El clérigo y jurista José de Espiga y Gadea, diputado por el Principado de Cataluña en las Cortes de Cádiz, introdujo en el derecho hispanoamericano -vía la Constitución española de 1812- la aspiración codificadora, disponiéndose en ella: «El Código civil, criminal y de comercio” serían los mismos para todo el reino.

El primer código civil dictado en América fue el de Luisiana, de 1804, inspirado en el todavía proyecto del Código francés. Le sigue Haití en 1825, que adoptó el Código Napoleónico. Los códigos del Estado mexicano de Oaxaca, en 1827, y de Bolivia, en 1830, son también reproducciones del ordenamiento galo.

Perú, en cambio, promulgó en 1852 un código civil original, que sumaba a la influencia francesa el derecho castellano que había regido en su territorio. El código redactado por Andrés Bello y que Chile adoptó en 1855 sigue también esa combinación de fuentes.
En 1869 se promulgó el Código Civil argentino, llevado a cabo por Dalmacio Vélez Sársfield, que entraría a regir a partir de 1871. A más del derecho francés, romano y castellano, le sumó las normas pensadas por Augusto Teixeira de Freitas en su Esboço do Código Civil para el Imperio del Brasil. Paraguay, en 1876, y Nicaragua, en 1904, lo adoptarían como norma propia.

No es poco lo que la obra de don Dalmacio nos ha dado.
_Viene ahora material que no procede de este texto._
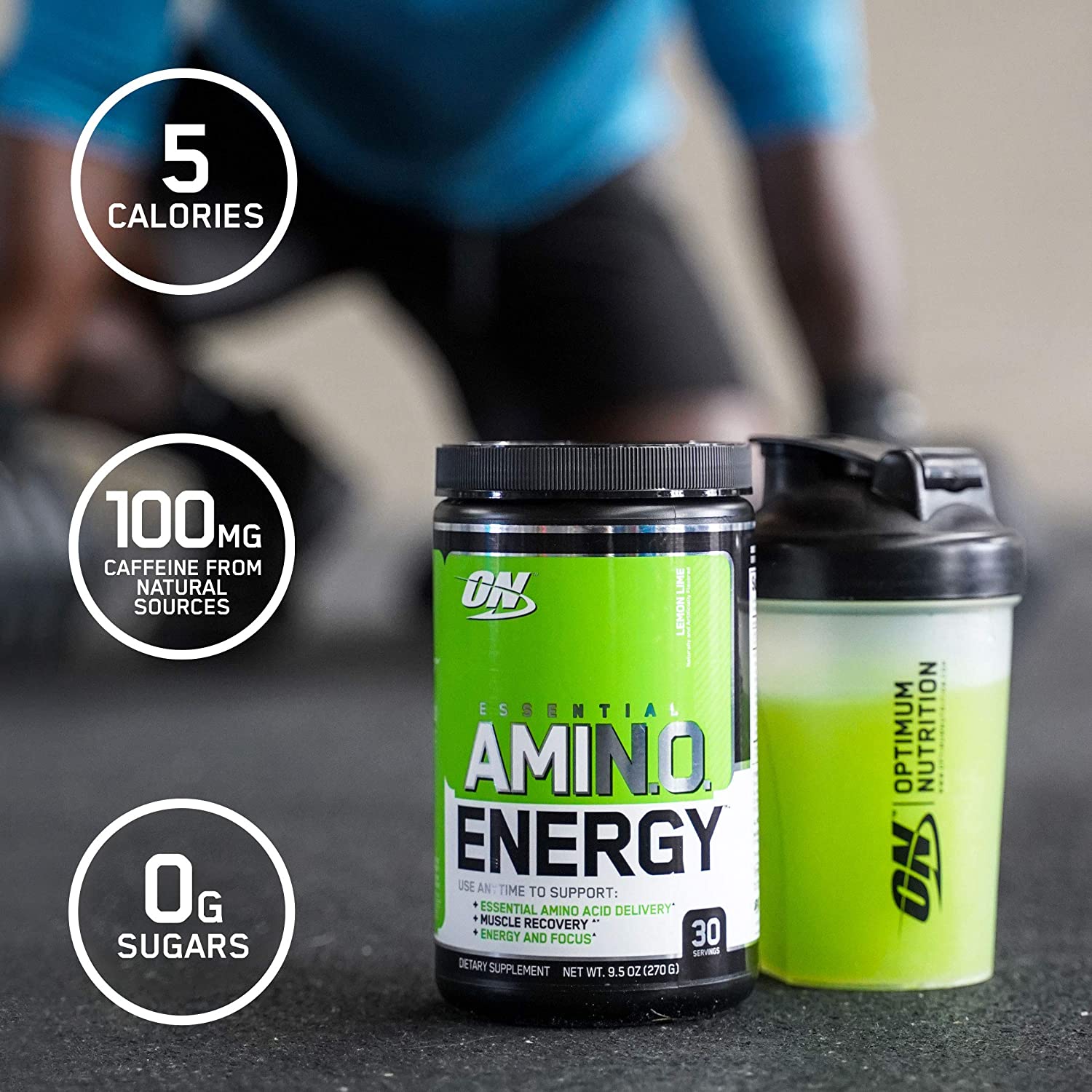 Optimum Nutrition Amino Energy - Pre Workout with Green Tea, BCAA, Amino Acids, Keto Friendly, Green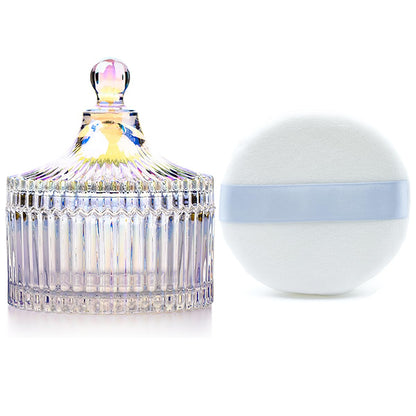 Ultra Soft Powder Puff and Container 3.3" High Density Velvet Dusting Washable Reusable Powder Puff,Body Powder Puff and Glass Jar Holder Loose Powder Box with Puff for Face Makeup(Dazzling colors)
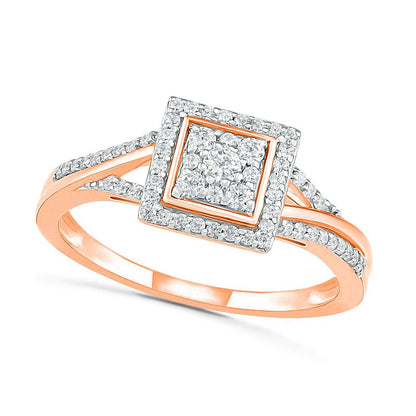 0.38 CT. T.W. Composite Natural Diamond Square Frame Split Shank Bridal Engagement Ring Set in Solid 10K Rose Gold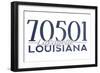 Lafayette, Louisiana - 70501 Zip Code(Blue)-Lantern Press-Framed Art Print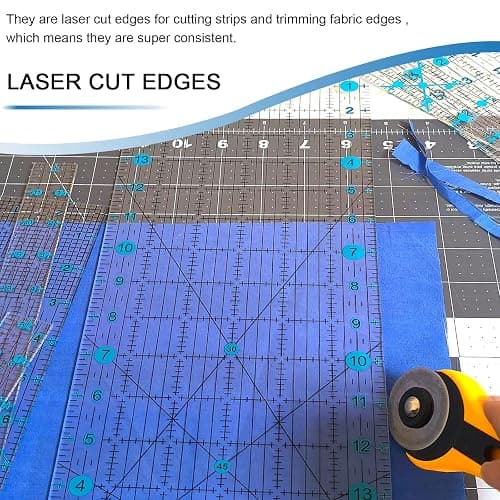 HLZC Quilting Ruler, Sewing Ruler, 8 Pack, Acrylic Quilting Templates(6"x17", 3"x17", 2"x16", 1.5"x12", 1"x12", 1"x6", 8"x3"), Non Slip Rings 25 Pieces, Sewing and Quilting Supplies - Clear/Blue thumbnail 5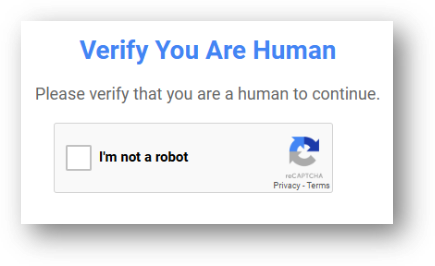 A web page CAPTCHA prompts Windows users to check a box confirming they are human, titled 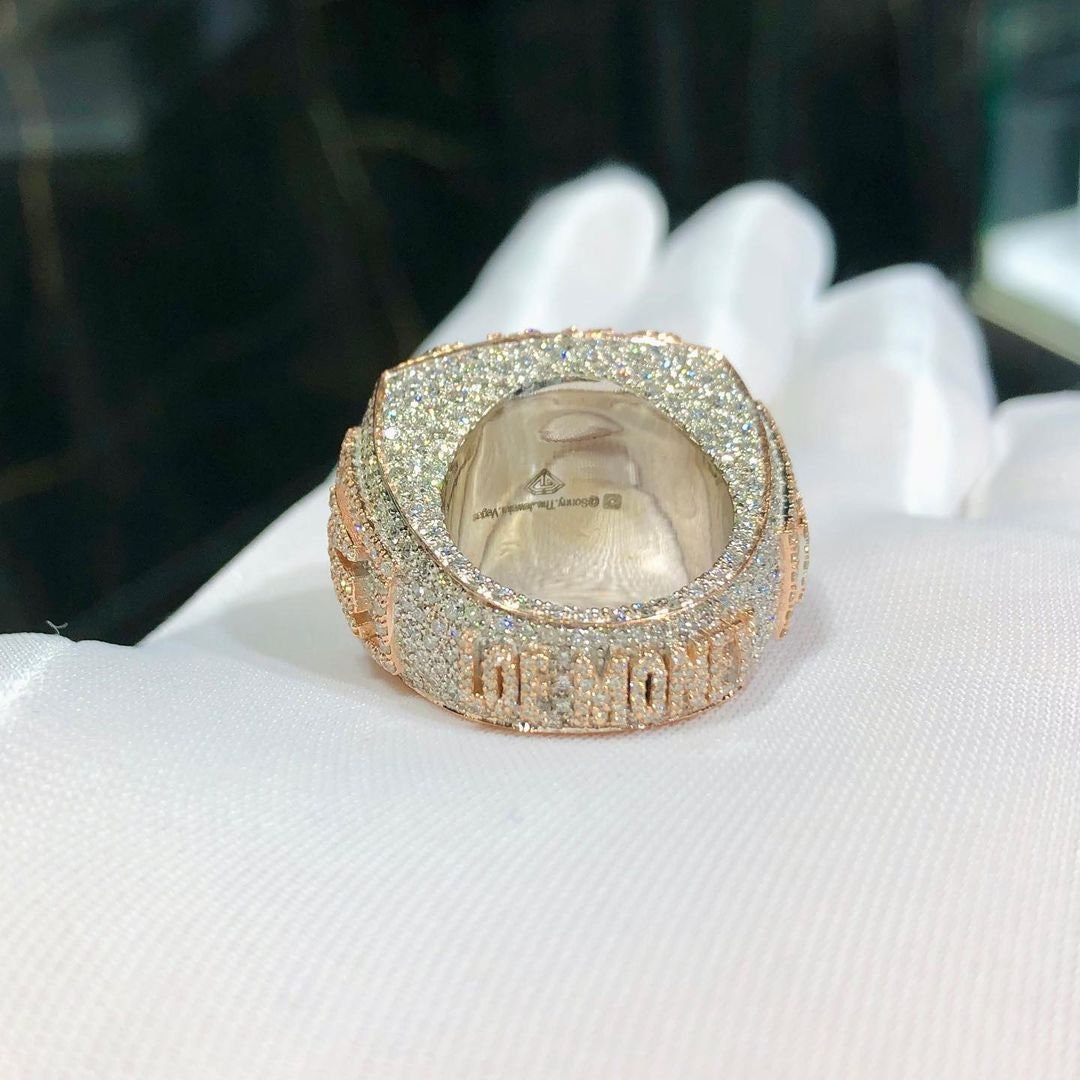 Heavy Rapper Diamond Rings Round Cut Moissanite Engagement Ring, Men's Iced Out Championship Ring ...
No son menos los desafíos a los que este nuevo Código Civil y Comercial tendrá que dar respuesta. Pero nos parece útil recordar que un código no se reduce a la  fría letra de la ley. Es, fundamentalmente, la dinámica de su aplicación. Y a más de lo que diga o deje de decir, reflexivamente o a las apuradas, la doctrina, son los actuarios jurídicos, principiando por la actividad de los tribunales de justicia, los que terminan de dotar de significado a todos los conceptos que involucra, hoy todavía “pendientes” en sus posibilidades de entendimiento.